Last week, the non-human primate community received the sad news that Dr. Steve Ross had suddenly passed away.
Steve was the director of Lincoln Park Zoo’s Lester E. Fisher Center for the Study and Conservation of Apes and the board chair of Chimp Haven for more than a decade. As a primatologist who was unabashedly focused on chimpanzees, he bridged the primate zoo, sanctuary, and observational/academic research communities in a way that no one else has, bringing everyone together to improve the welfare of chimpanzees.
Steve was the brainchild and leader behind an ambitious project to identify every captive chimpanzee in the United States and keep this information public and regularly updated as part of Lincoln Park Zoo’s Project ChimpCare.
He aided in the rehoming of many chimpanzees to zoos and sanctuaries from undesirable situations including chimpanzees within the entertainment industry and in private ownership. His loss is a huge blow to chimpanzee advocacy and a personal loss for countless people who were influenced by his academic and professional work and his passion, including many students who considered him a mentor. It is no exaggeration to say that anytime any question came up regarding a chimpanzee in captivity, I would immediately think to ask Steve.
Steve visited Chimpanzee Sanctuary Northwest on several occasions over the years, including a visit that coincided with a speaking engagement at Central Washington University in 2017 that I mentioned on the blog. He was a source of support to us during both difficult and joyful times at the sanctuary.
Not surprisingly, Steve was a member of Burrito’s unofficial fan club.

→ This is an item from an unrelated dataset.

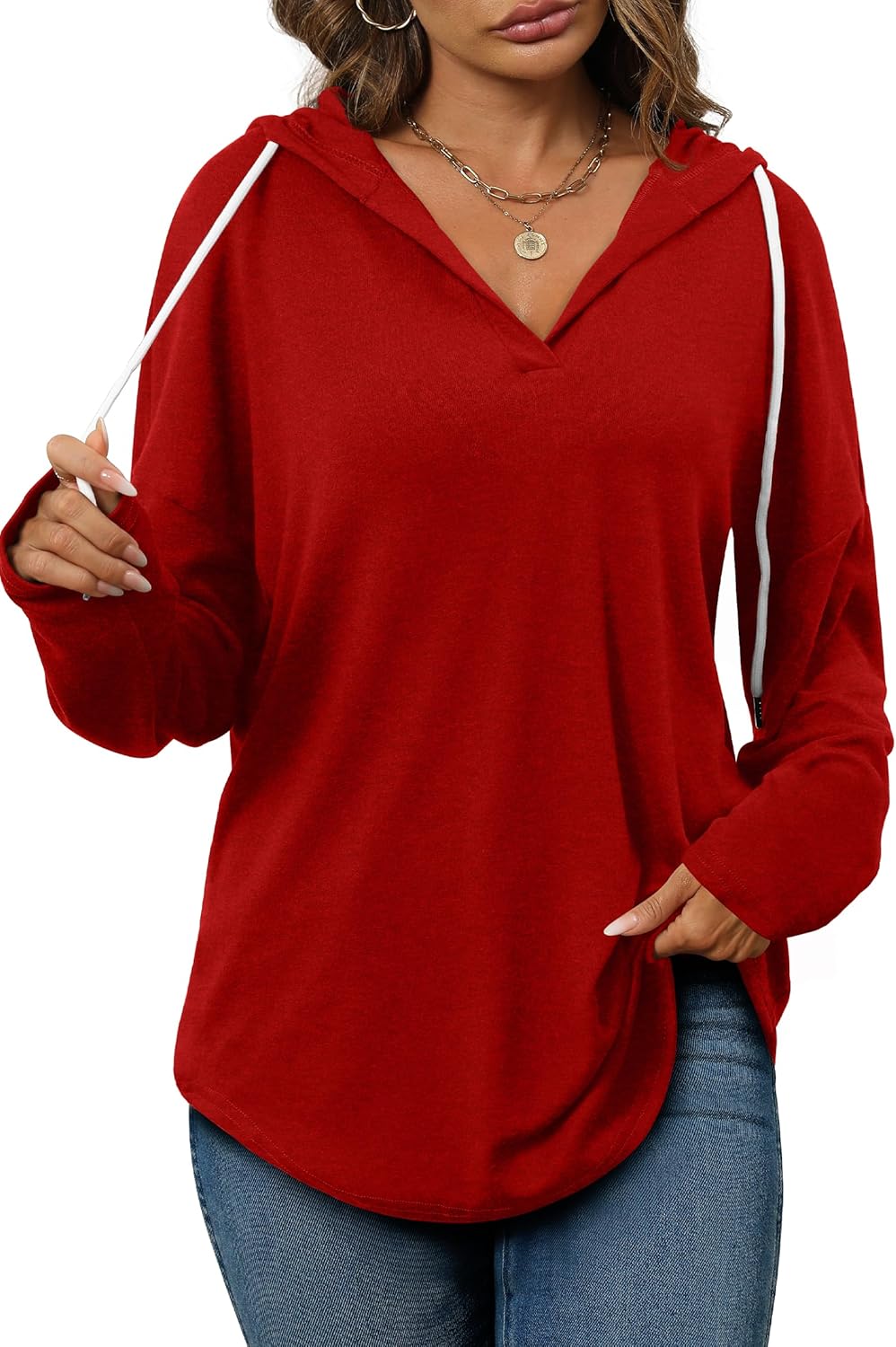 Addie – Plaid Hoodie Long-Sleeve Top for Women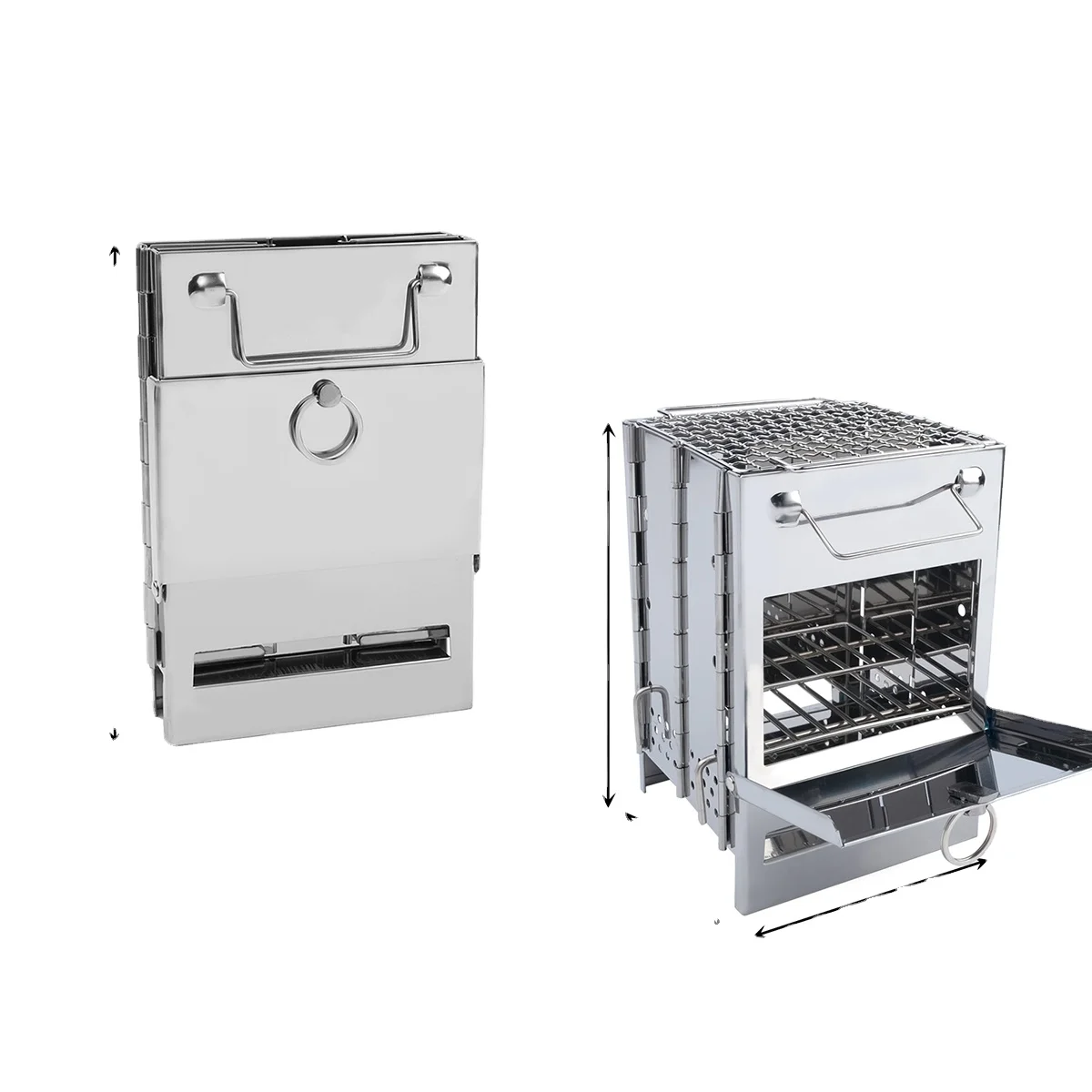 BAIDE PACK Wood Burning Camp Stove Folding Stainless Steel 304# Grill, Large Portable Backpacking Stove for Hiking Camping Picni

I thought about him often yesterday as I was watching the newly integrated groups of chimpanzees interact. I have been working alongside Steve on the placement committee for the Chimpanzees in Need campaign to find homes for all of the Wildlife Waystation chimpanzees, and we had exchanged impressions and updates over the last year about various chimpanzees we had met and fallen in love with at Wildlife Waystation. If he had been alive, I would have texted him the good news of the integration. I have no doubt he would have responded with enthusiastic words of encouragement, and that it would have been among dozens of encouraging texts and emails he sent to others that day.
We are so saddened by his loss, and our hearts go out to those he was closest to in this world. His legacy is large and far-reaching and he leaves behind an immeasurable void.